Fox News: Be Abstinent Until Marriage, Mimbos.

Steven Crowder apparently waited until he got married to have sex, and would like to tell us all about it.

In general, I am happy for Mr. Crowder. He waited until he got married to have sex and had a very enjoyable loss of his virginity. I’m glad! I think everyone should have the right to do what they like with their own bodies. While monogamy and abstinence are not for me, I have no problem with anyone’s sex life, as long as it’s consensual, emotionally and physically healthy, and honest. In particular, I applaud him for managing to keep his virginity; many men who want to be abstinent endure all kinds of mockery and virgin-shaming, which is completely wrong. One is no less of a man for choosing not to have sex.

Where I start running into problems is when Mr. Crowder starts telling me that my sexual choices are wrong.

Mr. Crowder was a virgin until he married because his religion commanded it. Which is okay! Serious members of many religions have strange practices. Serious Christians remain virgins until they wed, serious Muslims fast during Ramadan, serious Jews take purifying baths after they menstruate, and serious atheists get into tedious arguments about elevators. But many Christians have this odd tendency to declare that their religion’s peculiar practices are The 100% Best Thing For Everyone To Do Ever, objectively, even outside of the context of their religion. Most Muslims don’t recommend fasting during Ramadan as a diet practice and most Jews don’t say that mikveh is a wonderful way for Gentiles to get in touch with their bodies. Why are Christians continually going on about how everyone needs to stop having sex except with their spouses?

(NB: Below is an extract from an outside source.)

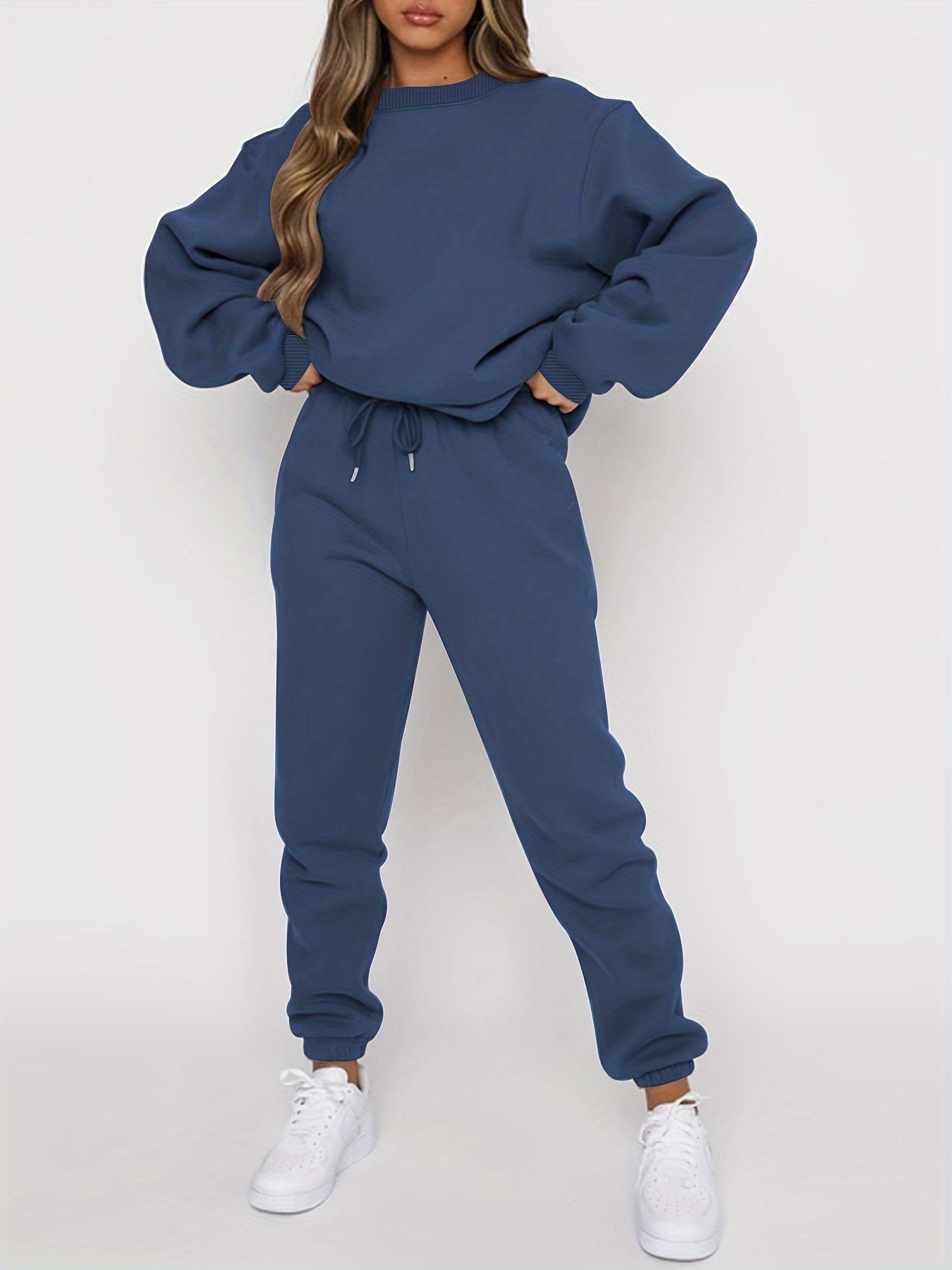 Women's gray oversized sweatshirt and high-waisted jogger set with relaxed casual fit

Because, you know, Mr. Crowder, when you start saying things like “their fickle manhood tied to their pathetic sexual conquests” or “live-in harlot/mimbo” (I think the word is ‘himbo,’ sir), I rapidly start losing my sympathy for the problems of people making fun of you for remaining a virgin until you’re married.

And my sympathy entirely disappears when you start talking about how terrible other people’s relationships are.

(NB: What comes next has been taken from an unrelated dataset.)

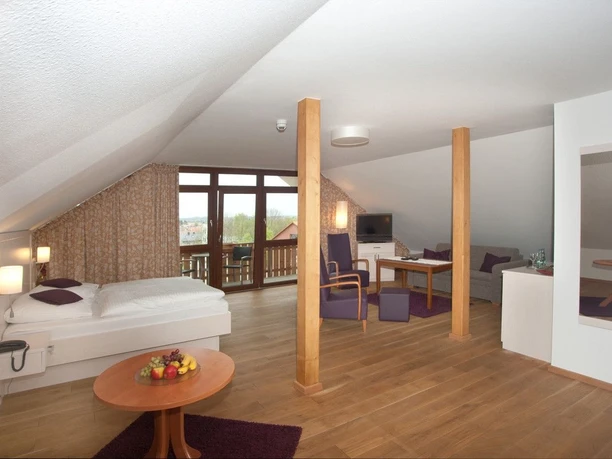 Landhotel Annelie - Studio 2 Ein geräumiges Studio mit Holzboden, Sitzbereich, Doppelbett und Fenstern, das Licht hereinlässt.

Our wedding was truly a once in a lifetime event. It was a God’s-honest celebration of two completely separate lives now becoming one. Physically, emotionally, financially and spiritually, everything that made us who we were individually was becoming what bonded us together. Our family traveled from far and wide to celebrate the decision of two young people to truly commit themselves to each other, and selflessly give themselves to one another in a way that they never had before that very night.

The people next to us that morning [who had had sex before marriage]? Well, theirs was just one big party.  And the morning after? Just another hangover.

I realize this may be a difficult concept for you to grasp, Mr. Crowder, but marriage is about more than sex.

Marriage is about having a life partner, someone who is always going to be by your side. It’s about staying up until 6 am when you have work the next morning because your partner is sick and needs someone to take care of them. It’s about your partner paying the bills because you hate keeping track of finances, and you doing the dishes because they have some kind of blindness that only applies to spaghetti sauce. It’s about stupid injokes about velociraptors and jam and arguments so old that no one outside the relationship can even keep track of what you’re fighting about. It’s about your partner’s sudden knowledge of guns and Team Fortress 2, despite their lack of interest in either, just because they hang around you so much. It’s about a shared history and shared lives and what the fuck does any of that have to do with whether a penis entered a vagina before or after the “I do”s?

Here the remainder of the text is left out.